2. Voor de toepassing van dit artikel wordt onder vreemdeling mede verstaan: leerling die ingeschreven staat op een school, die de school geregeld bezoekt en van wie uit het paspoort of ander identiteitsbewijs blijkt dat hij zelf of één van zijn ouders of voogden burger is van de Europese Unie of een staat die partij is bij de Overeenkomst betreffende de Europese Economische Ruimte of Zwitserland, en die op grond van het EG-verdrag in Nederland verblijft en aantoonbaar nog geen jaar woonachtig is in Nederland.

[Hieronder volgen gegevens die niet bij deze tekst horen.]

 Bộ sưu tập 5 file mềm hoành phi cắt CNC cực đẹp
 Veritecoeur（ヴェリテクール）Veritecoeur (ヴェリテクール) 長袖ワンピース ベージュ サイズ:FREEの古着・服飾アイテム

3. Het bevoegd gezag van een school waar de eerste opvang in het onderwijs wordt verzorgd voor tenminste 4 vreemdelingen die korter dan 1 jaar in Nederland verblijven, ontvangt op aanvraag bijzondere bekostiging voor personeel en aanvullende bekostiging voor materiële instandhouding.
4. De bijzondere en aanvullende bekostiging, bedoeld in het derde lid, heeft betrekking op een periode van vier maanden, met als peildata:
a. 1 oktober voor de periode augustus tot en met november;
b. 1 februari voor de periode december tot en met maart;
c. 1 juni voor de periode april tot en met juli.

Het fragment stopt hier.